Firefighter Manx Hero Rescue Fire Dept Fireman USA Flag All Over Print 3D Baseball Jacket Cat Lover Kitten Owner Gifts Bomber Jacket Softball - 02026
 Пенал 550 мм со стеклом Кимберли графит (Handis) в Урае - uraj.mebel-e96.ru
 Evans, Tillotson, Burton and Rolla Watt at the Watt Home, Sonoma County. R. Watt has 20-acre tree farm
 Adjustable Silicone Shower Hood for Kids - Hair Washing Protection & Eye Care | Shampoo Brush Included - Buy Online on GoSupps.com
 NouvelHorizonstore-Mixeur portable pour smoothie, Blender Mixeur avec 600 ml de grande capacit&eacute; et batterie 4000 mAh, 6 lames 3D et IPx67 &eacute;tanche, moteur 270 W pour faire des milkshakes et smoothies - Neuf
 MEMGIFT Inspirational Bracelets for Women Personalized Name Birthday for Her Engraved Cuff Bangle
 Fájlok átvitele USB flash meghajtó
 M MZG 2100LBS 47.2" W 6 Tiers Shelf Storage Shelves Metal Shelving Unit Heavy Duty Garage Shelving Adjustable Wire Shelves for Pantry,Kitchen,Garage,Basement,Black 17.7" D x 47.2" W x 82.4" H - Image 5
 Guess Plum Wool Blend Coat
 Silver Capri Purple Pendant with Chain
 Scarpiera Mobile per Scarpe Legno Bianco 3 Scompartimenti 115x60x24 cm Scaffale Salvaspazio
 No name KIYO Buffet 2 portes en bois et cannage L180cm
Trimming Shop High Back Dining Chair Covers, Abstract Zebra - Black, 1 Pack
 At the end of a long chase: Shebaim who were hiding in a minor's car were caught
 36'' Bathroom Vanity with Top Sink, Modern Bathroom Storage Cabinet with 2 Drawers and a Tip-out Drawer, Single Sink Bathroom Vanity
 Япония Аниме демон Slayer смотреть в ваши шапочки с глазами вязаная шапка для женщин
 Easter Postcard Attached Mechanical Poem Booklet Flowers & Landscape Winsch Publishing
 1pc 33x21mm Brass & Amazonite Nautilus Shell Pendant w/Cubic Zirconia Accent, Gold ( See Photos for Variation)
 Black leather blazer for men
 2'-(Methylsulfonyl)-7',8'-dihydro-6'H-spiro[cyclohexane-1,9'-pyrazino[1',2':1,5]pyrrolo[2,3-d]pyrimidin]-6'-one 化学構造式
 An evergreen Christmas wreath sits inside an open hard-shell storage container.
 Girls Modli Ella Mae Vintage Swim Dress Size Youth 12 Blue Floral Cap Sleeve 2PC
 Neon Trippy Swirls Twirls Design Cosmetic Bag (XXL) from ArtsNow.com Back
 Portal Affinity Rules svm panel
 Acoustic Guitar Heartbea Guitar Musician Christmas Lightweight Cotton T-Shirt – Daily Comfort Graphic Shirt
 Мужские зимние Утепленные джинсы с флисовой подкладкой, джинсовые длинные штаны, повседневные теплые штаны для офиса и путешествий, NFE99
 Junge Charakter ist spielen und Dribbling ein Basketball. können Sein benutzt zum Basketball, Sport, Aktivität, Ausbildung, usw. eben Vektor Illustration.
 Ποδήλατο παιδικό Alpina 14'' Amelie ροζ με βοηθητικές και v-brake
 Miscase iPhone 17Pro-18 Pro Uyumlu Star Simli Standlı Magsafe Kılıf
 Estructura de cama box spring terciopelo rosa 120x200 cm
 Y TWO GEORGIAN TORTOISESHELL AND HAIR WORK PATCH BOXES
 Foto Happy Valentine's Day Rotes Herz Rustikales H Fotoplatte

What the exercise asks: Reproduce exactly the lines above from the line with "Black leather blazer for men" to the line with "Portal Affinity Rules svm panel", including both, and add nothing.

Answer to the problem:
 Black leather blazer for men
 2'-(Methylsulfonyl)-7',8'-dihydro-6'H-spiro[cyclohexane-1,9'-pyrazino[1',2':1,5]pyrrolo[2,3-d]pyrimidin]-6'-one 化学構造式
 An evergreen Christmas wreath sits inside an open hard-shell storage container.
 Girls Modli Ella Mae Vintage Swim Dress Size Youth 12 Blue Floral Cap Sleeve 2PC
 Neon Trippy Swirls Twirls Design Cosmetic Bag (XXL) from ArtsNow.com Back
 Portal Affinity Rules svm panel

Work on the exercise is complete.